熊谷寺で休憩していると、若い女性の遍路さんが前に座った。とりあえず徳島県を回ると言う。色々説明などし、 靴の話になったので自分の靴を見せると、両方とも裏に穴が開いているのに初めて気が付いた。 履き古したスニーカーを、今年の1月・5月そして今回と、ずっと履き続けていた。よく持ったものだ。
今日は遍路さんが大変多かった。どの寺も2〜3人の遍路さんがおり、道でもよくすれ違った。このコースはいつもそうなのか、 また土曜日のせいなのか。午後4時頃大日寺の境内で休んでいると、20代の青年の遍路さんは、階段ですれ違ってきちんと挨拶し、 丁寧に手順にのっとって上手に経を読んでいた。年配の夫婦連れの遍路さんがやって来る。そうこうするうちに、 菅笠をかぶり白い手拭いで半分顔を被った2人連れの女性の遍路さんが元気よく境内に着いたとときは、 一気に華やいだ遍路の世界が現出したような気分になった。境内が遍路さんでにぎやかなのもいいものだ。

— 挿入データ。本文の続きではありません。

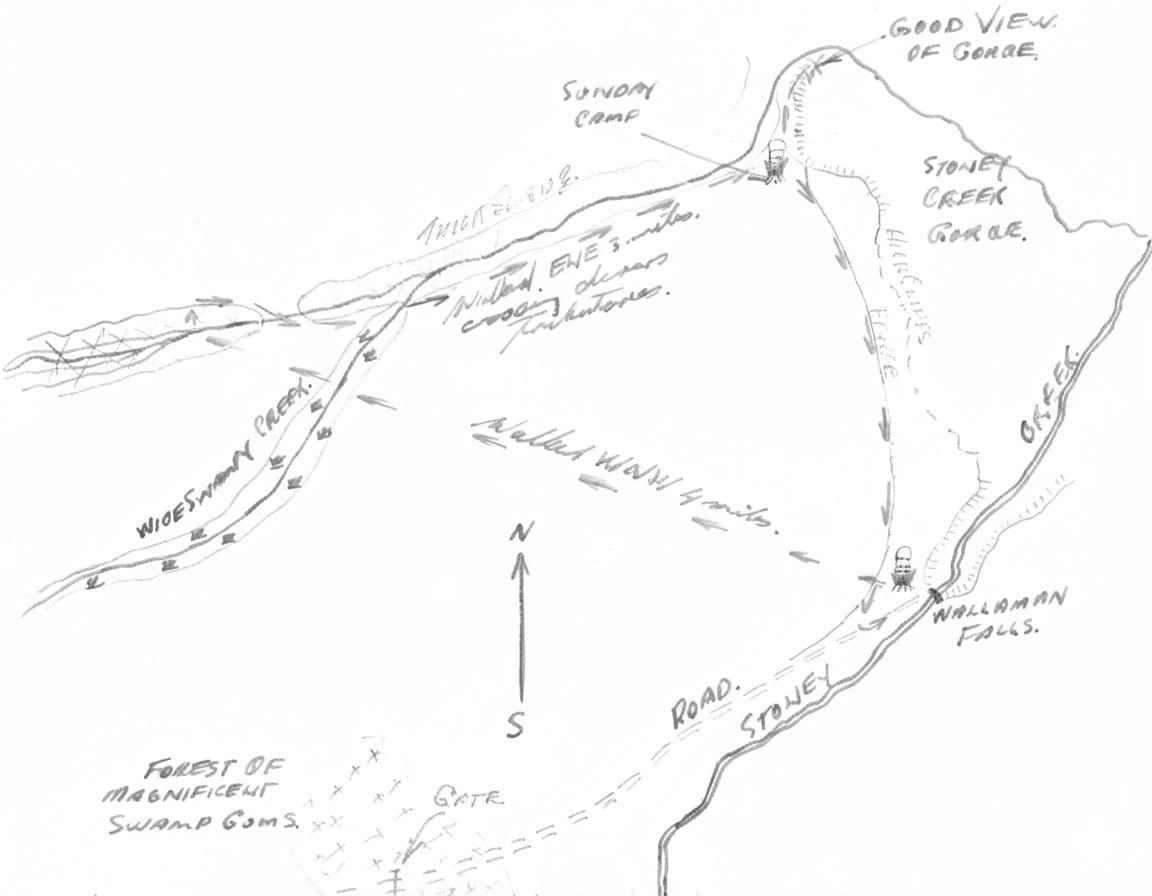 Wallaman Falls. Walk Report.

旅館の宿泊費が高く素泊まりにした為、夕食に「支那そば 那東」の看板の店に入る。おかみさんの愛想のよい元気な挨拶を受け、 大盛を注文する。客は他に居なかったが、内装も新しく、若い夫婦で始めたばかりらしい。 メニューも至ってシンプルで、支那そば中・大・餃子の他は昼の定食だけで、ごちゃごちゃと余計なものはなし。 夫婦ともども気持ちのよい店だった。実家でとれたものですが、と言ってみかんの接待を受ける。 私の味の感想を厨房の主人にそっと報告している。看板に心意気を感じたが、支那そばも大変おいしかったですよ。
「地元にいると分かりません。四国はどうですか」とおかみさんが聞く。
「歩くには素晴らしい環境ですね。こんな所は他にないでしょう」と答える。
頑張って店を繁盛させてください。